I have a bash script that takes a simple properties file and substitutes the values into another file. (Property file is just lines of 'foo=bar' type properties)
INPUT=`cat $INPUT_FILE`
while read line; do
PROP_NAME=`echo $line | cut -f1 -d'='`
PROP_VALUE=`echo $line | cut -f2- -d'=' | sed 's/\$/\\\$/g`
time INPUT="$(echo "$INPUT" | sed "s\`${PROP_NAME}\b\`${PROP_VALUE}\`g")"
done <<<$(cat "$PROPERTIES_FILE")
# Do more stuff with INPUT
However, when my machine has high load (upper forties) I get a large time loss on my seds
real 0m0.169s
user 0m0.001s
sys 0m0.006s
Low load:
real 0m0.011s
user 0m0.002s
sys 0m0.004s
Normally losing 0.1 seconds isn't a huge deal but both the properties file and the input files are hundreds/thousands of lines long and those .1 seconds add up to over an hour of wasted time.
What can I do to fix this? Do I just need more CPUs?
Sample properties (lines start with special char to create a way to indicate that something in the input is trying to access a property)
$foo=bar
$hello=world
^hello=goodbye
Sample input
This is a story about $hello. It starts at a $foo and ends in a park.
Bob said to Sally "^hello, see you soon"
Expected result
This is a story about world. It starts at a bar and ends in a park.
Bob said to Sally "goodbye, see you soon"
One idea/approach using bash and sed , you could try something like:
#!/usr/bin/env bash
while IFS='=' read -r prop_name prop_value; do
if [[ "$prop_name" == "^"* ]]; then
prop_name="\\${prop_name}"
fi
input_value+=("s/${prop_name}\\b/${prop_value}/g")
done < properties.txt
sed_input="$(IFS=';'; printf '%s' "${input_value[*]}")"
sed "$sed_input" sample_input.txt
One way to check the value of sed_input is
declare -p sed_input
Or
printf '%s\n' "$sed_input"
Embedding an external utility from bash within a shell loop like cut and sed should be avoided. See why-is-using-a-shell-loop-to-process-text-considered-bad-practice
The sed invocation above run only once even if the file that needs to be edited has 500+ lines.
See How can I read a file (data stream, variable) line-by-line (and/or field-by-field)?
See How can I use array variables in bash?
See Parameter Expansion
See Howto_Parameter_Expansion
See How_do_I_do_string_manipulation_in_bash
Adding additional lines to OP's input file to demonstrate word boundary matching and a property name occurring more than once in a line:
$ cat input.txt
This is a story about $hello. It starts at a $foo and ends in a park.
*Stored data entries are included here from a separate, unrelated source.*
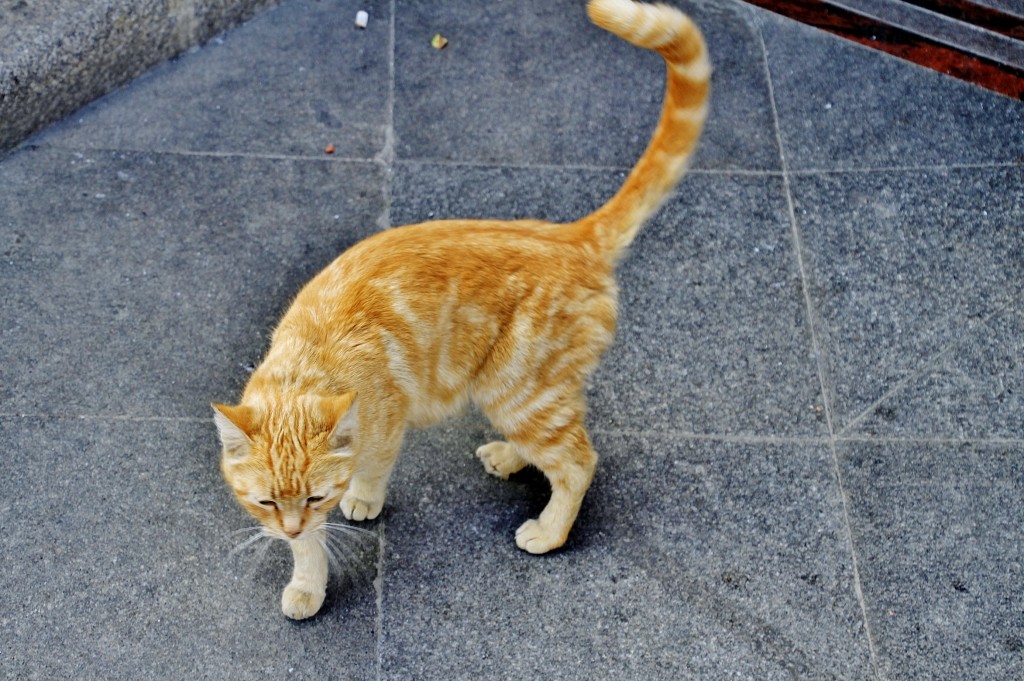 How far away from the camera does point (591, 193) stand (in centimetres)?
494

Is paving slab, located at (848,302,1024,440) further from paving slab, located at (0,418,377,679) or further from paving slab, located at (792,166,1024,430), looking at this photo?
paving slab, located at (0,418,377,679)

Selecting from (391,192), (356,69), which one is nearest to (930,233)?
(391,192)

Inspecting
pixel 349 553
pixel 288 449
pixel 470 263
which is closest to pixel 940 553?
pixel 470 263

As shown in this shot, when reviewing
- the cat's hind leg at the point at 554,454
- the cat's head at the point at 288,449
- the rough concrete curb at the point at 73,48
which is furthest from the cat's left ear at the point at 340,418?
the rough concrete curb at the point at 73,48

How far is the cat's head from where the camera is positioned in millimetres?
2973

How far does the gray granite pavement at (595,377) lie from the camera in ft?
11.9

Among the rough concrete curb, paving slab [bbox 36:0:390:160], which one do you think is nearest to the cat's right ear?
paving slab [bbox 36:0:390:160]

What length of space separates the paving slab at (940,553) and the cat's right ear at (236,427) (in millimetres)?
2355

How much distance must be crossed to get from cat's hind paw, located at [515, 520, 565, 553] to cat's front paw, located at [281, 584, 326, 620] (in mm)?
772

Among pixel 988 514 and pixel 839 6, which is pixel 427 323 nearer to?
pixel 988 514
Bob said to Sally "^hello, see you soon"
Leave first 2 matches alone: $foobar $hellow ^hello
^hello $foo $hello ^hello $foo $hello
Assumptions:
name is not an alphabetic character ([a-zA-Z]); otherwise we can expand the next_char testing (see awk code, below)General idea:
properties.txt entries into an array (map[name]=value)input.txt, loop through all names, checking for any word boundary matches to replaceOne idea using awk:
$ cat replace.awk
FNR==NR { split($0,arr,"=") # 1st file: split on "=" delimiter
map[arr[1]]=arr[2] # build map[name]=value array, eg: map[$foo]=bar
len[arr[1]]=length(arr[1]) # save length of "name" so we do not have to repeatedly calculate later
next
}
NF { newline = $0 # 2nd file: if we have at least one non white space field then make copy of current input line
for (name in map) { # loop through all "names" to search for
line = newline # start over copy of current line
newline = ""
while ( pos = index(line,name) ) { # while we have a match ...
# find next_character after "name"; if it is an
# alpha/numeric character we do not have a word
# boundary otherwise we do have a word boundary
# and we need to make the replacement with
# map[name]=value
next_char = substr(line,pos+len[name],1)
if (next_char ~ /[[:alnum:]]/)
newline = newline substr(line,1,pos+len[name]-1)
else
newline = newline substr(line,1,pos-1) map[name]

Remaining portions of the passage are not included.